Research IT

Making Large Databases Easily Available

Research IT have recently collaborated with Dr. Mabel Sánchez Barrioluengo in the Alliance Manchester Business School (AMBS) to make a large patent information database easily available to researchers in AMBS and across the University.

Dr. Sánchez Barrioluengo is an AMBS Presidential Fellows with an interest in understanding how changes in the nature of work are affecting "Industry 4.0" as well as the changing nature of work and its relationship with innovation. Patents provide a great deal of information about such changes and the PATSTAT database is regarded as a standard in the field of patent intelligence and statistics.

Colleagues in AMBS had purchased the PATSTAT database from the European Patent Office (EPO) in order that it could be used across the School. However, PATSTAT is distributed as a large set of CSV files (over 200GB) and the data is difficult for researchers to use in this format. Research IT were approached to see if they could help to improve the usability of the database.

Theresa Teng and Richard Hoskins from Research IT liaised with the ITS Windows and Virtualization team in ITS, and Dr Sánchez Barrioluengo, to configure a virtual machine to hold a Microsoft SQL Server containing the data from PATSTAT, build the database, import the data and to ensure that the data was regularly backed up, secure and accessible.
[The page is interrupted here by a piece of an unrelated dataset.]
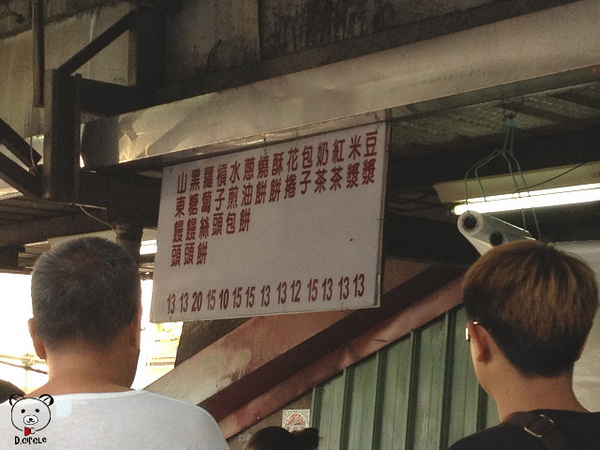 長弘早點:宜蘭●市區-長弘早點~蔥香四溢的厚切蔥油餅+皮Q餡滿的水煎包!!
There are some great benefits of having a networked database such as the ability to share the information with any other interested researchers across the campus and it is easy to tune and refine the database. For instance the RSEs can build views and indexes in order to improve the ease of data access and the speed of queries. Due to the database being hosted centrally, backups, restores and maintenance are handled using established processes.

Having PATSTAT installed on UoM servers will allow Dr. Sánchez Barrioluengo to easily enlarge the portfolio of her research activities such as linking skills and employment with the innovation capacity of firms under the Digital Economy. It will also allow researchers to carry out sophisticated statistical analyses of bibliographical and legal status patent data, and also to merge other business data sources (WERS , ABS/ABI, BSD or FAME) with PATSTAT.

If you are interested in accessing the PATSTAT database, then please contact Theresa Teng or Richard Hoskins in Research IT. Currently the database service is in a test state, containing only patent titles and metadata up to 2016. However, there may be scope in the future to load full patent abstracts, should sufficient demand exist.